Excellent! Thanks for sharing ❤️
AB=30..EF=a,FB=b...a^+b^2=900+225=1125...((√1125-a)^2+b^2=900..1350=2a√1125..a=9√5...b^2=1125-81*5=720..b=12√5...Apink=9√5*12√5/2=54*5=270
Excellent! Thanks for sharing ❤️
Great Video again. I used your solution finding propotions over simular triangles with success. Now I want to propose another solution : I calculated EC with the theorem of Pythagoras and got EC = 33,45 LE . I know the area of the triangle EDC ( = ABE ) 225 squareunits. The area of triangle EBC must be 450 squareunits. I know EC and now I can find BF the hight of triangle EBC . BF is 900 / EC = 26,83 LE. Using Pythagoras theorem you can find the lenght of EF . EF = 20,13 LE. so I get for the pink area 20,13 * 26,83 /2 = 270,02 squareunits.
the moment with the rectangular is not clear. We can prove that the area of an inscribed triangle is half of that of a square by considering two white triangles which both have the equal sides: one is the length of the square and another is a half of that length. Then we do not need to do any additional constructions. All can be solved, as usually, using Pythagorean theorem and finding the hight of the pink triangle.
Thanks for the feedback ❤️
By pythag |EB|= sqroot 1125. So also is |EC|=sqroot 1125. The triangles bfc and edc are similar so |FB|\ 30= 30/ sqroot 1125. Therefore|FB|= 900/ sqroot 1125. In triangle ebf 1125= |EF|^2 plus ( 900/sqroot 1125)^2. So 1125= |EF|^2+ (810000/ 1125) that is |EF|^2 = 405. So |EF| = sqroot 405. Pink area = half |FB| by |EF| = 1/2 ( 900/ sqroot1125)( sqroot 405)= 1/2 by (900 by 9 sqroot5)/ 15 sqroot 5= 270.
Seems a little complicated when BFC is a similar to ABE and DCE. BFC sidelengths are 2/sqrt5 of DCE. So area is 4/5 of DCE. 900 - 225 - 225 - 180 = 270
Yes, I solved it in this way as well. I didn't see your solution at first when I wrote my comment.
S=270
Excellent! Thanks for sharing ❤️
Pink Area = 270 cm^2
Let's find the area: . .. ... .... ..... First of all we calculate the side length s of the square: A(square) = s² = 900 ⇒ s = √900 = 30 The area of the triangle BCE is obviously half of the area of the square.
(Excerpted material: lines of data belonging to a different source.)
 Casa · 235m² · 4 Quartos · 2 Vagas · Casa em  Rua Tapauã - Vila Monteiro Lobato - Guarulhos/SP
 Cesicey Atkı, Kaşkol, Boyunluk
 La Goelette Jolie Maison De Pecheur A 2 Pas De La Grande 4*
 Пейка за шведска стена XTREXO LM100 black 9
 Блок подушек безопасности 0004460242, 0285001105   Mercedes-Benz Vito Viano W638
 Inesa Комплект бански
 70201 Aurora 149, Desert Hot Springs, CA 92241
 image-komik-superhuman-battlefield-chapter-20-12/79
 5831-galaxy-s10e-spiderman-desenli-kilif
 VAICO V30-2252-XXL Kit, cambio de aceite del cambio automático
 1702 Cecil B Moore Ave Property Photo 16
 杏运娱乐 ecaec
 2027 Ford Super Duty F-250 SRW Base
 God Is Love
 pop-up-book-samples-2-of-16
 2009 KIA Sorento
Now we need to know the area of the right triangle BCF. Since ∠CDE=∠BFC=90°, ∠DCE=∠CBF=α and ∠CED=∠BCF=β, the triangles CDE and BCF are similar. So we can conclude: BF/CF = CD/DE = s/(s/2) = 2 Since BCF is a right triangle, we can apply the Pythagorean theorem: BF² + CF² = BC² (2*CF)² + CF² = s² 4*CF² + CF² = s² 5*CF² = s² ⇒ CF² = s²/5 Now we can calculate the size of the pink area: A(BCF) = (1/2)*BF*CF = (1/2)*(2*CF)*CF = CF² = s²/5 A(pink) = A(BEF) = A(BCE) − A(BCF) = s²/2 − s²/5 = 900/2 − 900/5 = 450 − 180 = 270 Best regards from Germany
Excellent! Thanks for sharing ❤️
bro ai
If the triangle area is given and the square area is unknown, this problem will be more difficult.
Thanks for the feedback ❤️
I solve it in my way and got 270.2788 square units. Is it right?
It seems like a rounding error somewhere. The answer is definitely exactly 270. Give me a little background and maybe I can find where the error crept in.